• **Problem to solve**: From the line containing "House, Multiple Beds, Fireplace, Garden" down to the last line of the listing, quote everything word for word, and nothing else, keeping pictures out.

• **Supplied material**:
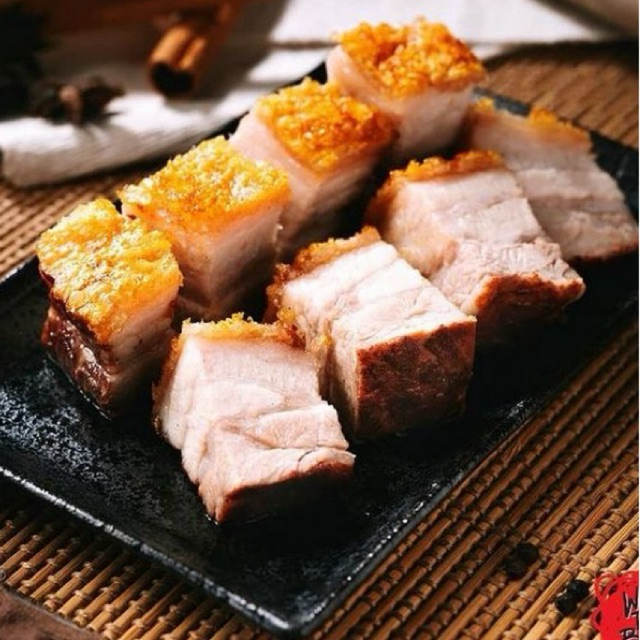 

Pork Crispy Siobak Frozen / Babi Panggang Siobak Asin no.1 / Babi Panggang kriuk Home Made By.GC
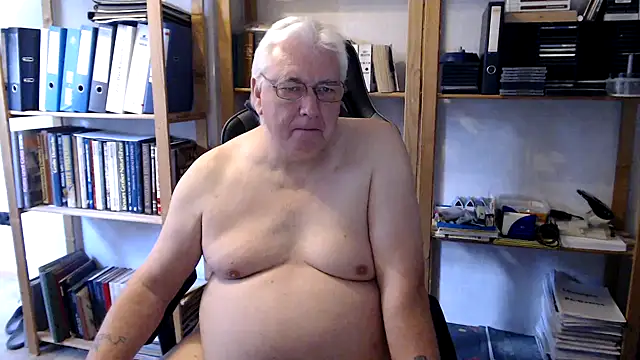 Snapshot of SchwanzhureXXL chatting on 06-10-26, 07:51 SchwanzhureXXL online show from 06-10-26, 07:51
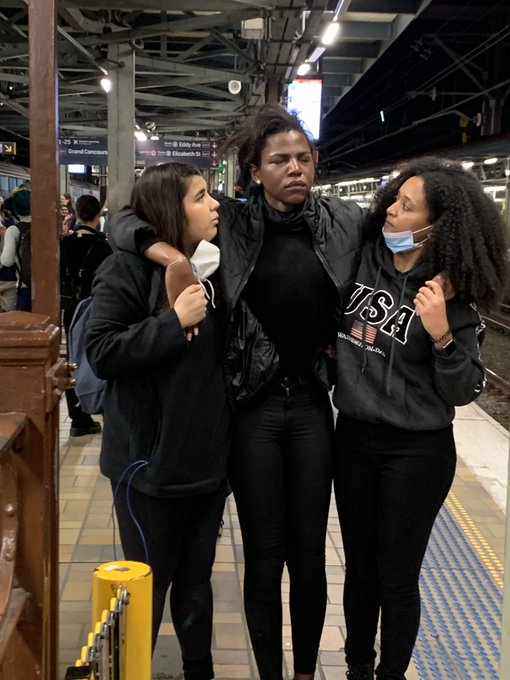 View image on Twitter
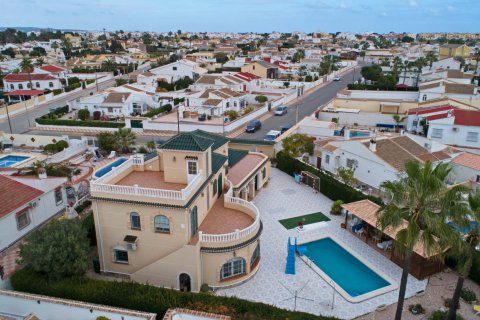 Villa till salu Torrevieja, Alicante, Spanien 6 sovrum, 256 kvm. Nr. 118721 - foto 7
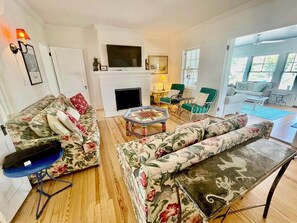 House, Multiple Beds, Fireplace, Garden View | Living area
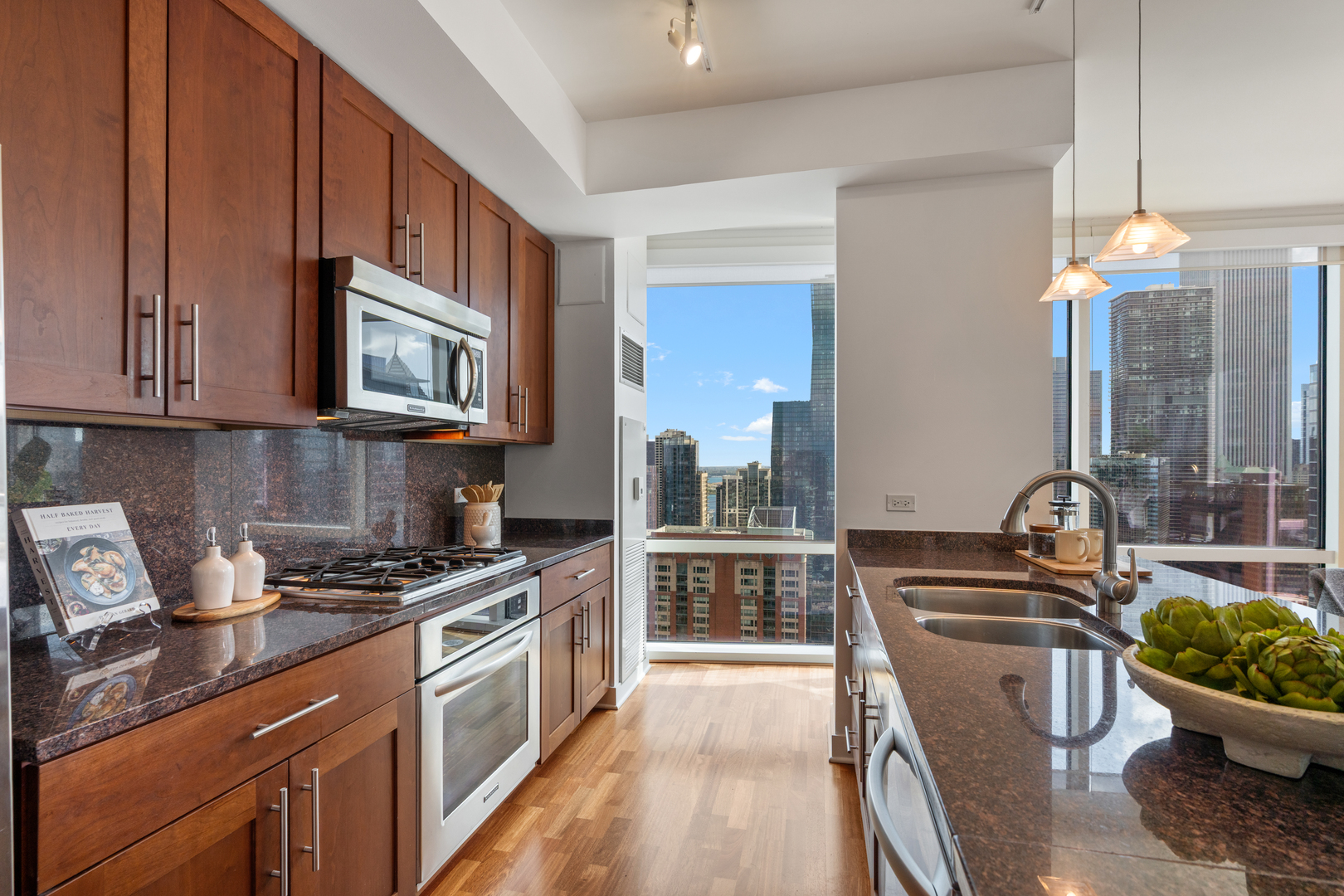 505 N McClurg Court Unit: 4605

• **Reply to the exercise**:
 House, Multiple Beds, Fireplace, Garden View | Living area
 505 N McClurg Court Unit: 4605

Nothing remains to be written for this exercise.